Data excerpts

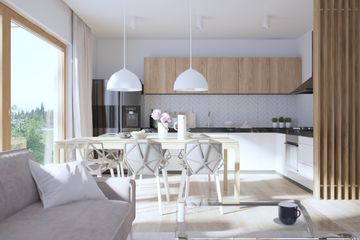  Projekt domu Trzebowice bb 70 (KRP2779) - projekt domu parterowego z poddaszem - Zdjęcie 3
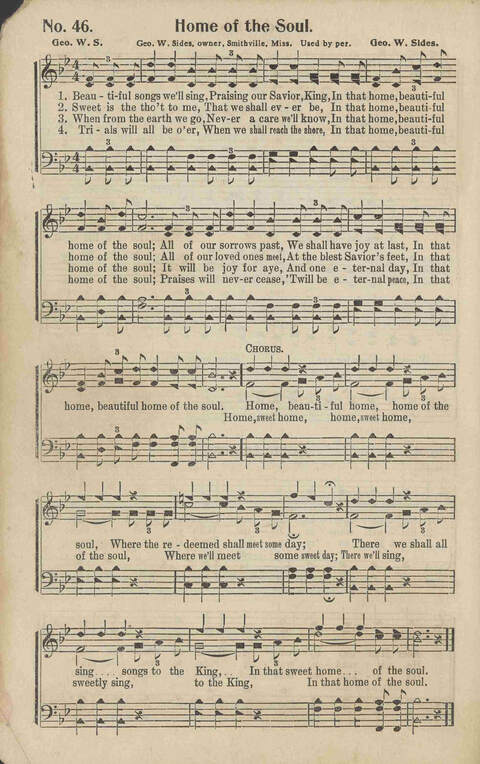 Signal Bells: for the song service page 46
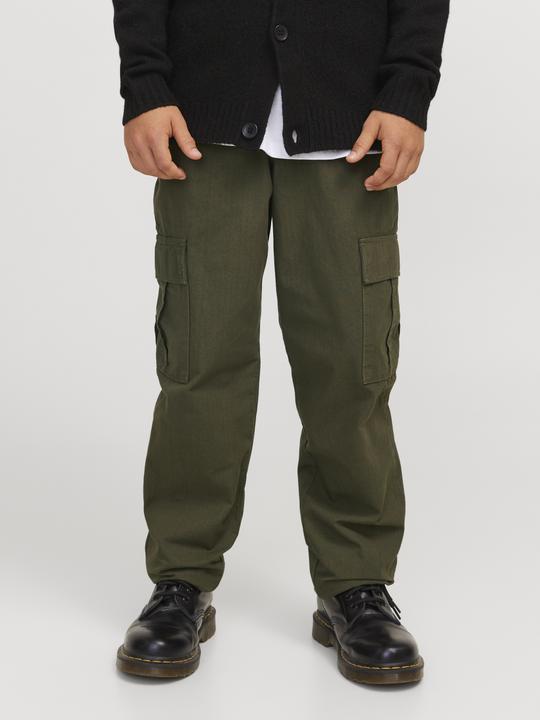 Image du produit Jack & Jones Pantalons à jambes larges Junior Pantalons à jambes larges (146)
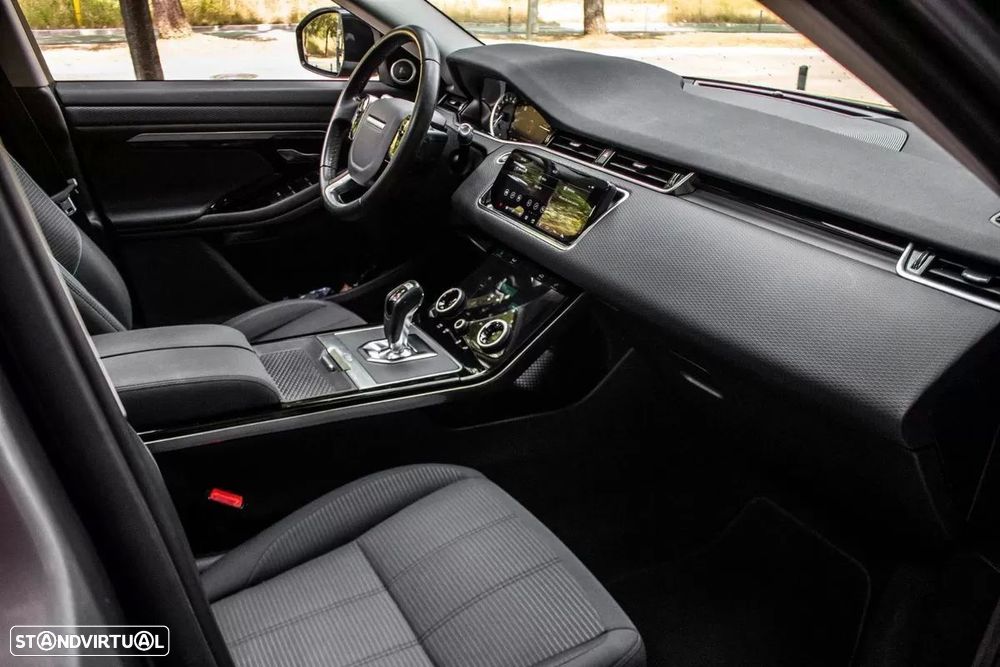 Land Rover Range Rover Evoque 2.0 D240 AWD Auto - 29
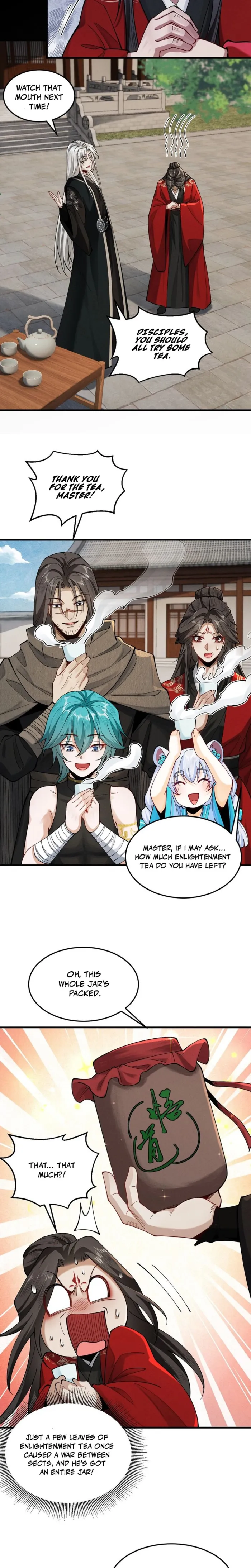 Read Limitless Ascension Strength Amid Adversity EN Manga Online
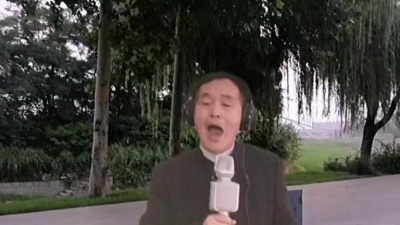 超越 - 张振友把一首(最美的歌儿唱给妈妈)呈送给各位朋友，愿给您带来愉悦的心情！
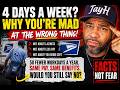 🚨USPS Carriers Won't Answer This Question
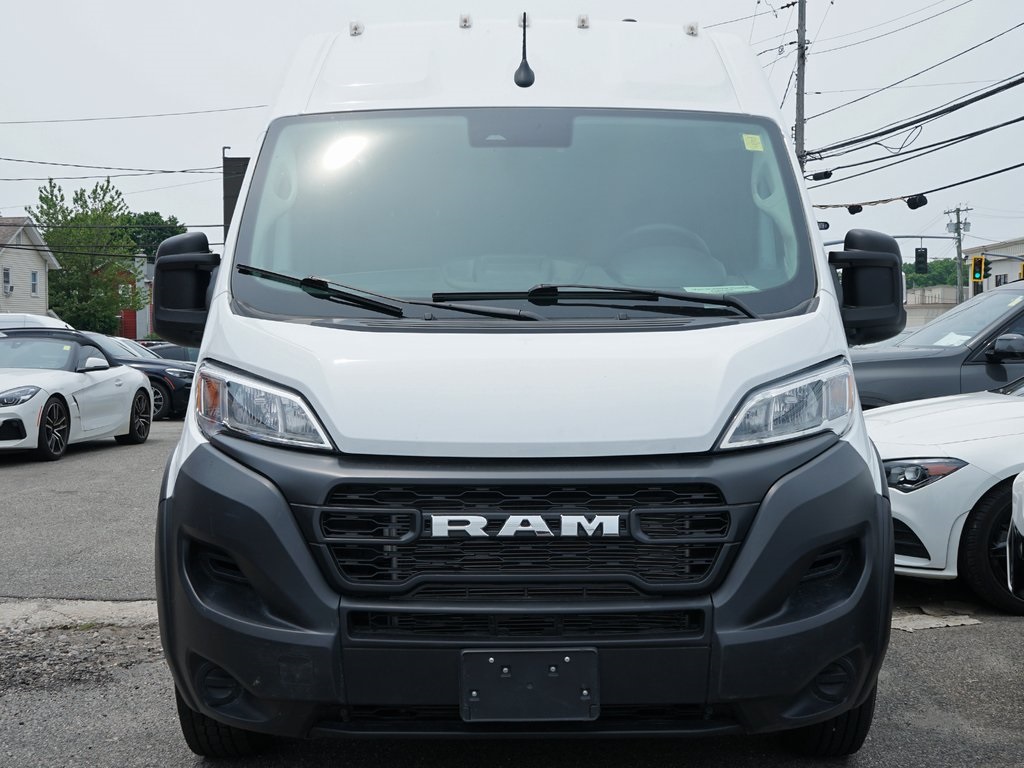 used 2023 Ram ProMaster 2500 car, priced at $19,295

Directions for this task
In case the records contain pictures, keep those out and repeat the rest exactly.

Answer to this exercise
  Projekt domu Trzebowice bb 70 (KRP2779) - projekt domu parterowego z poddaszem - Zdjęcie 3
 Signal Bells: for the song service page 46
 Image du produit Jack & Jones Pantalons à jambes larges Junior Pantalons à jambes larges (146)
 Land Rover Range Rover Evoque 2.0 D240 AWD Auto - 29
 Read Limitless Ascension Strength Amid Adversity EN Manga Online
 超越 - 张振友把一首(最美的歌儿唱给妈妈)呈送给各位朋友，愿给您带来愉悦的心情！
 🚨USPS Carriers Won't Answer This Question
 used 2023 Ram ProMaster 2500 car, priced at $19,295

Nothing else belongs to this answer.